[[ Supplied entries, beginning ]]

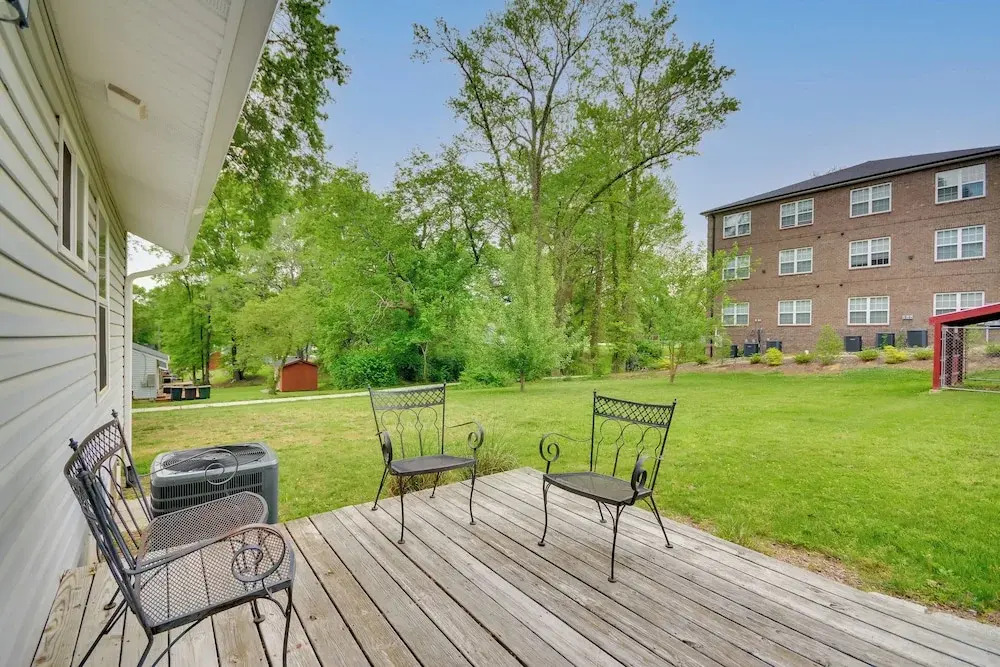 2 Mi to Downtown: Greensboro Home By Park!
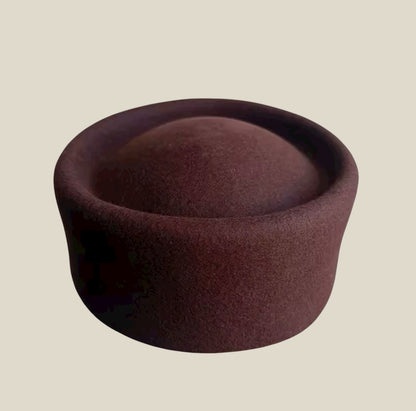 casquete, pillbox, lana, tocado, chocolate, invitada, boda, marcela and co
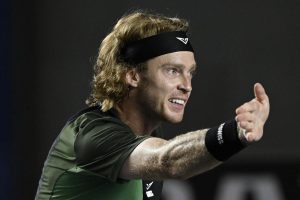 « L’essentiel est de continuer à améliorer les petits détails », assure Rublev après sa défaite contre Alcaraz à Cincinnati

[[ Supplied entries, end ]]
[[ Supplied entries, beginning ]]

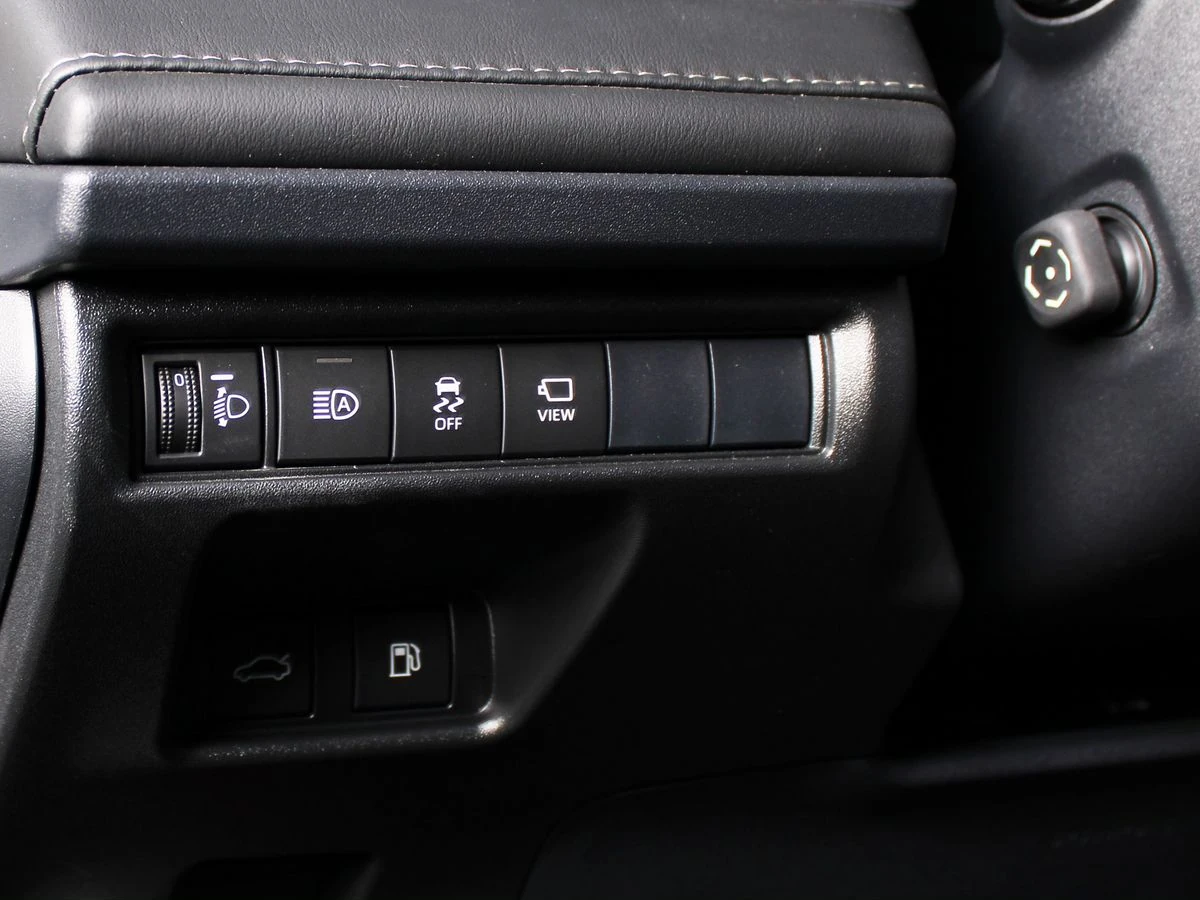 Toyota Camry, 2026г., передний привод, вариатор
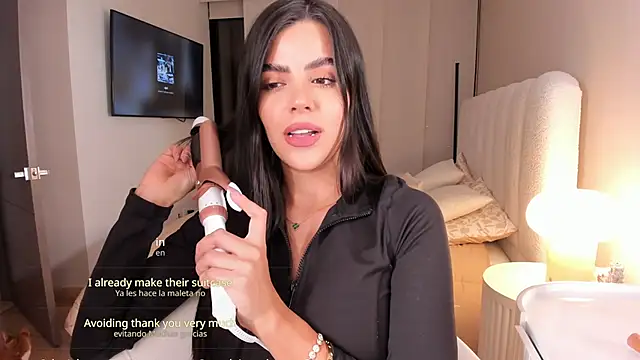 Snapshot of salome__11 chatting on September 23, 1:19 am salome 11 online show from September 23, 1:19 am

[[ Supplied entries, end ]]

▶ [Task statement]: Return only the stretch above from the line containing "2 Mi to Downtown: Greensboro Home By Park!" through the line containing "Alcaraz à Cincinnati", word for word and without pictures.

▶ [Written solution]:
 2 Mi to Downtown: Greensboro Home By Park!
 casquete, pillbox, lana, tocado, chocolate, invitada, boda, marcela and co
 « L’essentiel est de continuer à améliorer les petits détails », assure Rublev après sa défaite contre Alcaraz à Cincinnati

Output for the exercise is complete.